++++ Given information
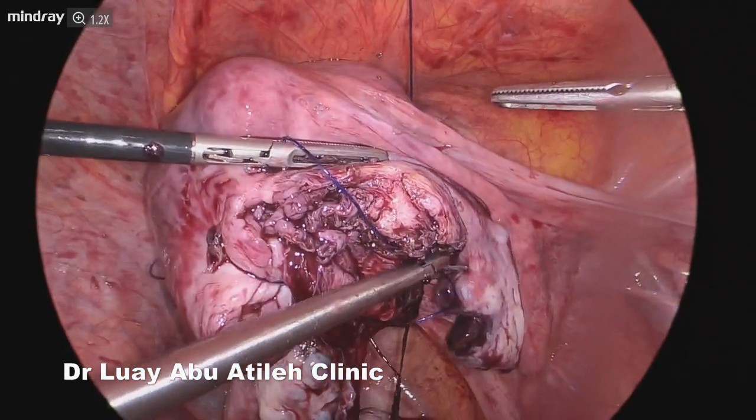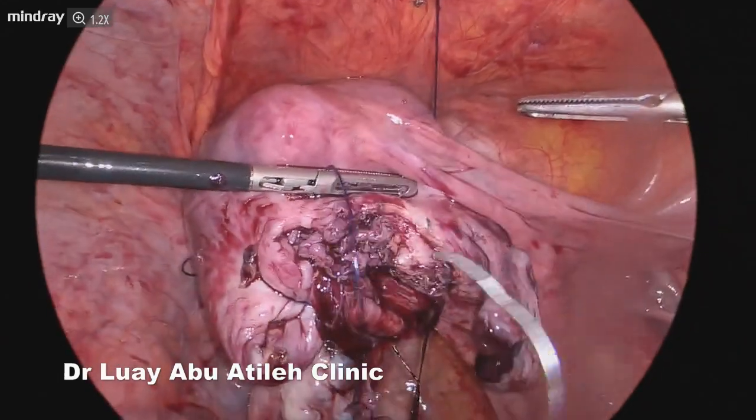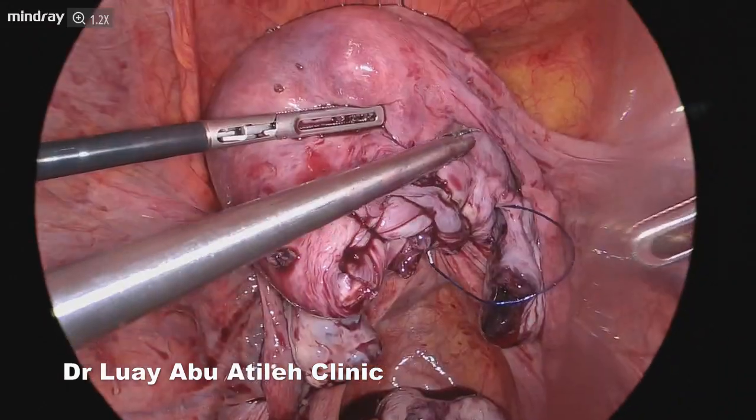As you see — eight centimeters, six centimeters, intramural and subserosal uterine fibroids — removed from the posterior uterine wall with very minimal blood loss.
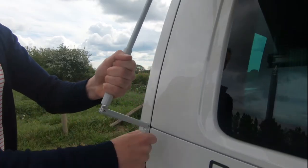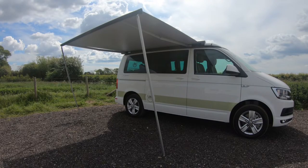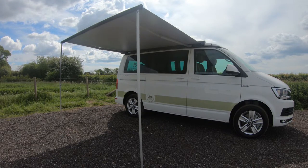Continue to wind the crank until the awning is tensioned. When the awning is fully out, place the supports so that they are vertical and parallel to each other at the outer edge of the awning.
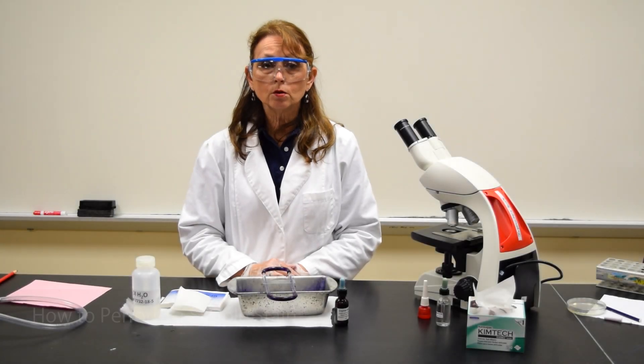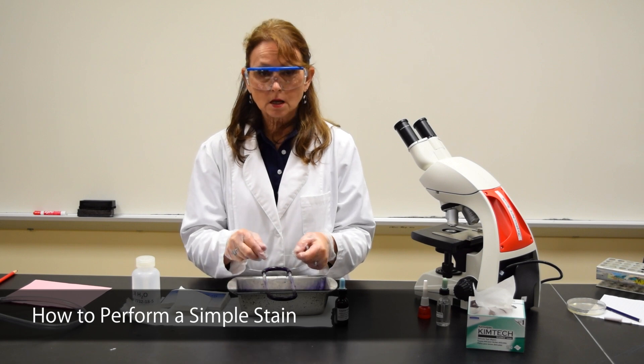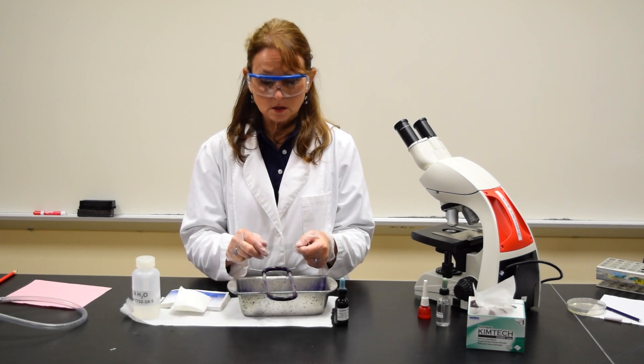This demonstration is to show you how to perform a simple stain. Before staining a slide, you need to heat fix the slide.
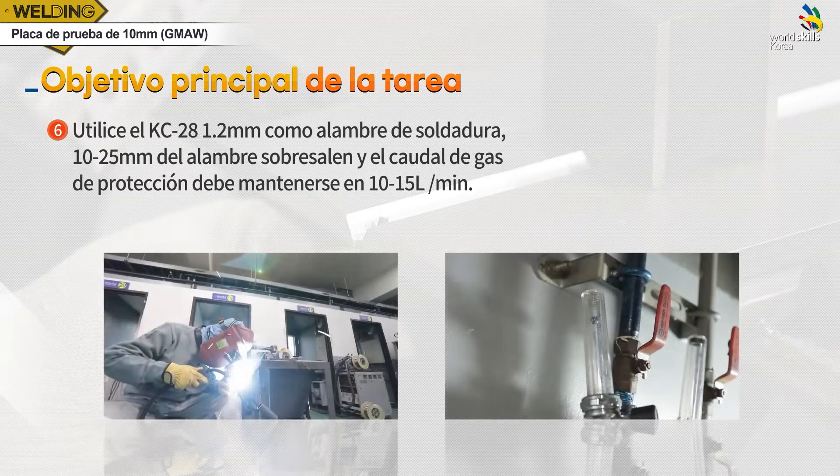용접봉은 KC28 1.2mm를 사용하고, 와이어 돌출 길이는 10에서 25mm, 보호가스 유량은 분당 10에서 15L를 유지합니다.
++++++++
• Exercise prompt: Every word of the material above should be copied exactly; no pictures.

• Exercise result:
As you see — eight centimeters, six centimeters, intramural and subserosal uterine fibroids — removed from the posterior uterine wall with very minimal blood loss.
Continue to wind the crank until the awning is tensioned. When the awning is fully out, place the supports so that they are vertical and parallel to each other at the outer edge of the awning.
This demonstration is to show you how to perform a simple stain. Before staining a slide, you need to heat fix the slide.
용접봉은 KC28 1.2mm를 사용하고, 와이어 돌출 길이는 10에서 25mm, 보호가스 유량은 분당 10에서 15L를 유지합니다.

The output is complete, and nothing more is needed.